The synthesis document that has been made public is overwhelming, especially for the ex-doctor, since in the middle of the copy-pasted reports of the national assembly, the European Commission, we also find pumped passages from Que Sais-Je n°3856 (cover opposite) as well as from Wikipedia. It is distressing for the one who had thought to escape control by obtaining a 32-year embargo on his thesis. Never before seen. It is also embarrassing for the University Sorbonne Paris I which had failed by validating the work even though it had anti-plagiarism software since 2012.
The fake doctoral dissertation was the real story behind the deception
In this case, the impostor was unmasked through a work (his thesis) that he had produced to obtain the highest academic title: that of Doctor. However, there are numerous safeguards to avoid such a situation:
- an independent and specialised thesis jury on the one hand
- publication in peer-reviewed journals on the other (for theses with articles)
The use of anti-plagiarism software should, therefore, only be a formality if the first two filters work correctly. The revelation of plagiarism after the event (5 years after the presentation) thus brings the jury into disrepute, and its independence and specialisation are questioned on this occasion.
But for one revealed imposture, how many others have gone unnoticed.
Imposture, a scourge that goes beyond the university framework
The business world is also full of impostors who use their experience, their achievements, their diplomas.
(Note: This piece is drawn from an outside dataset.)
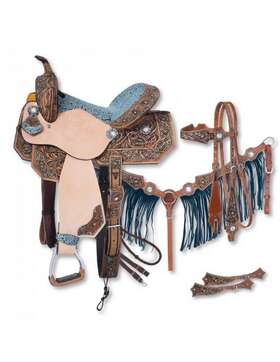 9sr785 Tough 1 Western Saddle 5 Piece Tooling 15 Inch Brown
Checking their fantasies requires the implementation of control devices. These systems can be objective and factual, or completely biased (a selection committee, for example). Without stiff and inflexible safeguards, companies run the risk of welcoming impostors into their midst, who will only reveal themselves as such after sowing the seeds of chaos.
In his book on the Trump administration, John Bolton describes how North Korea was able to put itself in Donald Trump’s good books thanks to its love letters. Of one of these letters, Bolton writes:
“it was as if the letter had been written by Pavlovians who knew exactly how to touch the nerves enhancing Trump’s self-esteem”
The impostors have, like the anecdote reported by Bolton, the quality of handling the verb well, of creating illusions thanks to rare and chosen words. Seasoned sycophants, they know how to strike a chord with those who, under their charms, forget the traditional safeguards. Adept at buzzwords (“circular economy” or “sustainable development” for Arash Derambarsh, “data” or “agility” for other corporate impostors), they construct meaningless sentences that are smoke screens in the face of their incompetence. When the smoke clears, the imposture appears. But it is too late.
Remedies to imposture: checks and tests at all levels
The case of Arash Derambarsh tells us that in his quest for recognition at all costs, an individual was caught cheating. Crude cheating was discovered because a document had been produced that was a forgery. The thesis was, therefore, the revealing element of the deception. No document, no sanctions.
I, therefore, argue that any selection or promotion process should leave a paper trail that can be verified. The threat of a subsequent sanction will make some people think about those who are currently doing too well, including those who would be quick to give a blank cheque to a potential impostor. Mechanisms already exist to verify diplomas (CV trust, for example) but what about professional achievements? Most of the time, the declarative prevails, and the future employer will be satisfied at best to take some references (forewarned). I’ll let you judge the bogus “recommendations” that LinkedIn is full of to give you an idea of the phenomenon.
The solution? A written recommendation, which is binding for whoever writes it. Dare I dare to produce an overrated endorsement if I know it could backfire? The impostor needs “accomplices” for the deception to take shape. To deprive him of accomplices is to deprive him of the ability to harm.